I practice "good enough" all the time when it comes to my house. My house feels like a cluttered mess to me, toys everywhere, dog toys everywhere, blankets everywhere, pillows from the couch always on the floor. My dad tells me all the time it just looks like a family is living there, but I always feel like it's cluttered. I've gotten to a point in my life where I realize I have young kids and a dog, and my house is going to be good enough. If someone doesn't like it, they don't need to come into my house.

Permission to experiment: Try saying no to some activities, choosing easier options, or delegating planning. Notice how your family actually responds (often more positively than expected).

Moving Forward with Intention

Mental load doesn't disappear during summer, it often intensifies when we expect relief but find ourselves coordinating even more behind the scenes. However, with awareness, strategic choices, and permission to prioritize your own sustainability, you can navigate summer without sacrificing your well-being or professional momentum. Your career aspirations don't need to hibernate during summer, they just need different strategies.
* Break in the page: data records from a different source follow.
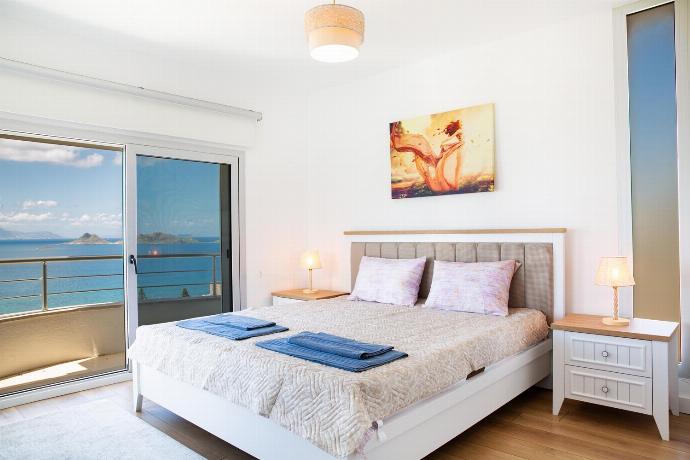  . - Villa Azure Heaven . (Photo Gallery) }}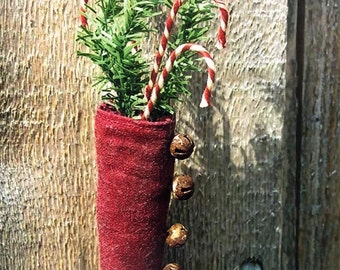 Primitive Stocking Pin - Prim Lapel PIN PATTERN CK72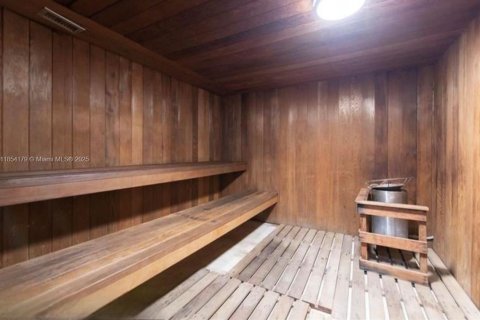 Copropriété à vendre à Hallandale Beach, Floride: 2 chambres, 102.19 m2 № 1963211 - photo 18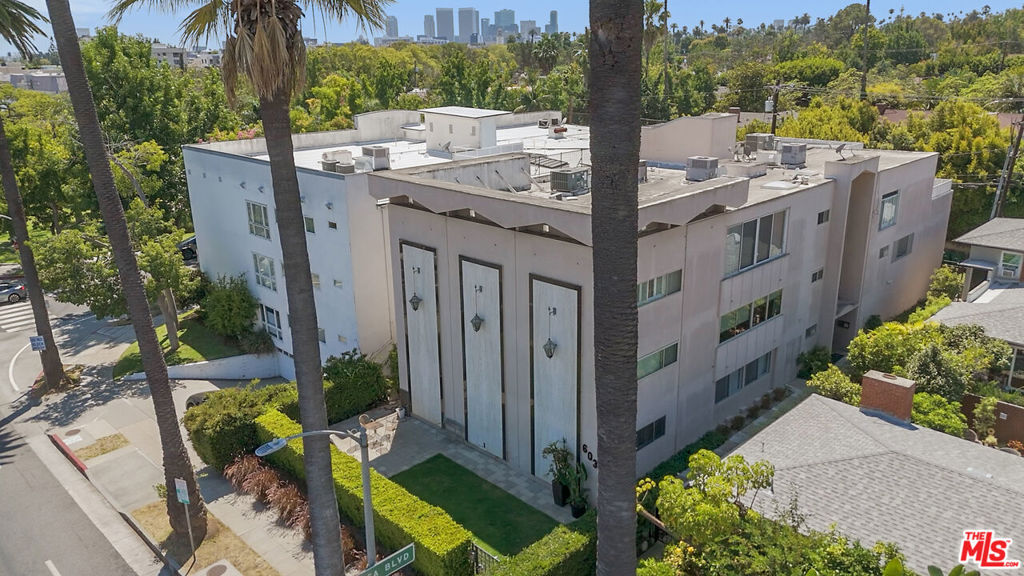 603 N Doheny Drive 2B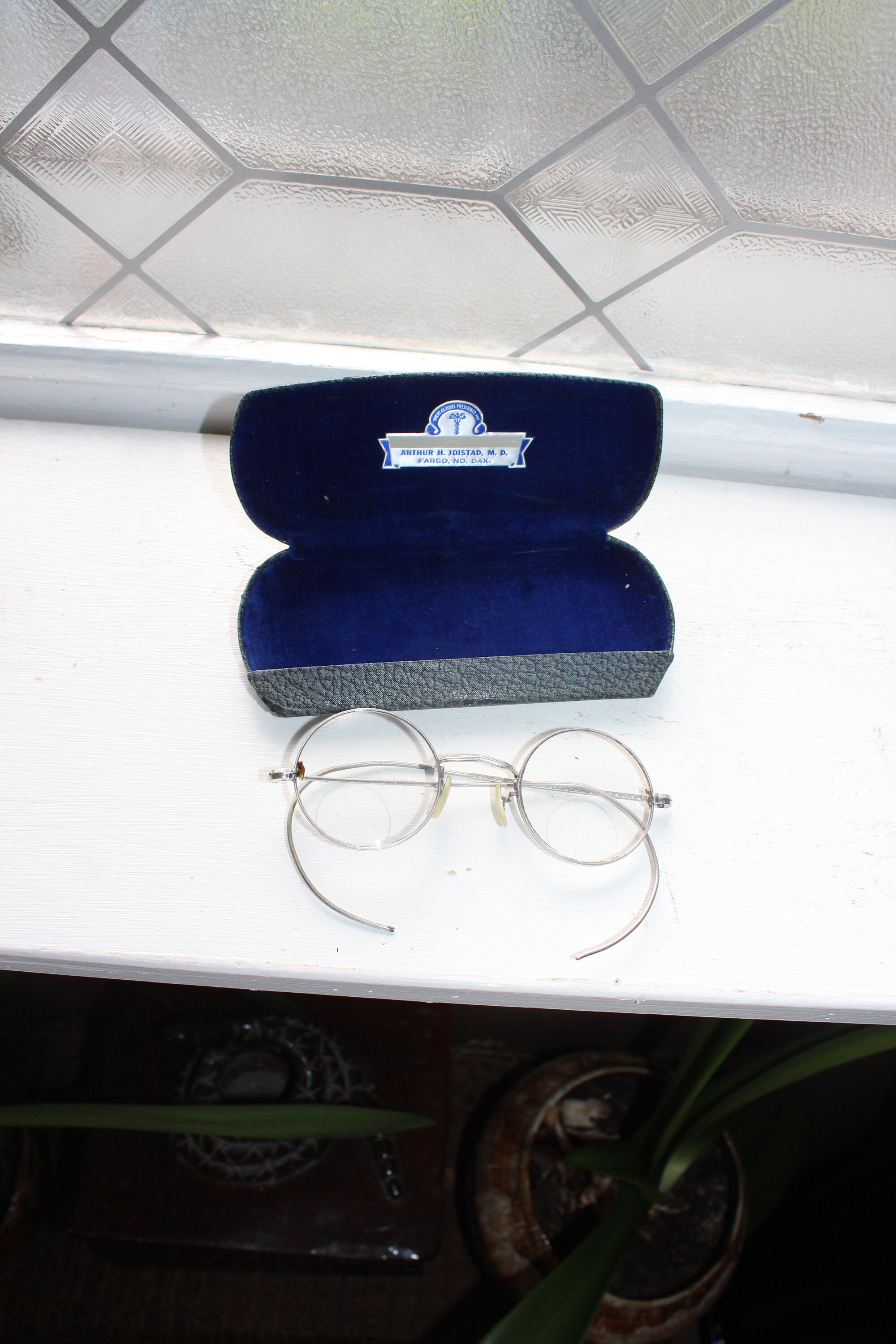 Antique Round Lens Silver Eyeglasses Spectacles with Case
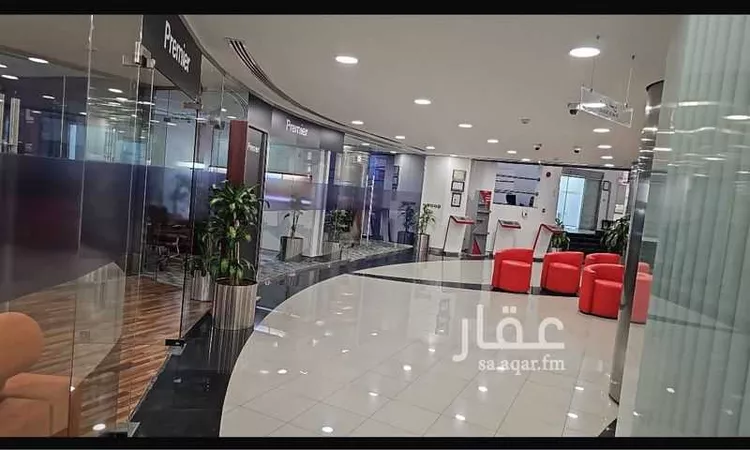 محل للإيجار في شارع صلاح الدين الايوبي, حي الضباط, مدينة الرياض, منطقة الرياض صورة 4
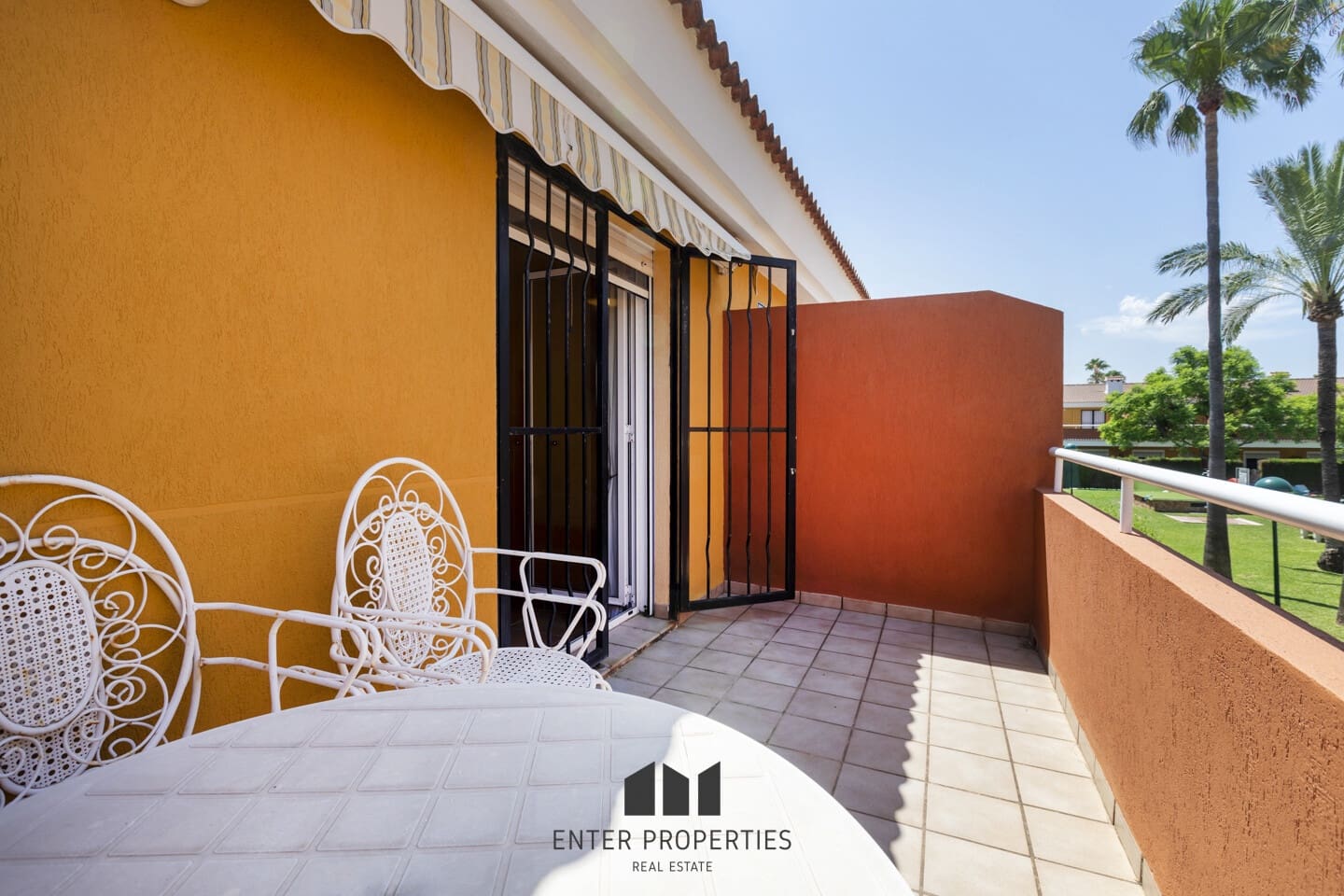 3 soveværelse Rækkehus til salg i Els Poblets med swimmingpool - € 280.000 (Ref: 9136805)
A couple of summers ago, I decided to just let go of perfection. If my kids didn't get a summer vacation that year, that was okay. If they didn't have what I thought was the perfect summer, as long as they were happy and smiling and laughing, that's all that mattered. They didn't get perfect lunchboxes or perfect dinners. We didn't spend every evening outside. One summer, I don't even think we took a family vacation, and I learned that it's okay. At the end of the day, as long as they have present parents who love them and they're engaged in activities that fill their bucket, life is good.

The goal isn't to eliminate all summer complexity (impossible) but to manage it more consciously and distribute it more fairly. Your career and your energy matter too.

Your next step: Choose one insight from tracking your mental load that you can act on this week. Maybe it's delegating one coordination task, batching camp communications, or having a proactive conversation with your manager about summer flexibility.

For the researchers among you: Start with the tracking exercise, data will guide your best decisions.

For the experimenters: Pick the strategy that feels most doable and commit to testing it for one week.

Start small, but start. Summer doesn't have to mean career pause or complete exhaustion.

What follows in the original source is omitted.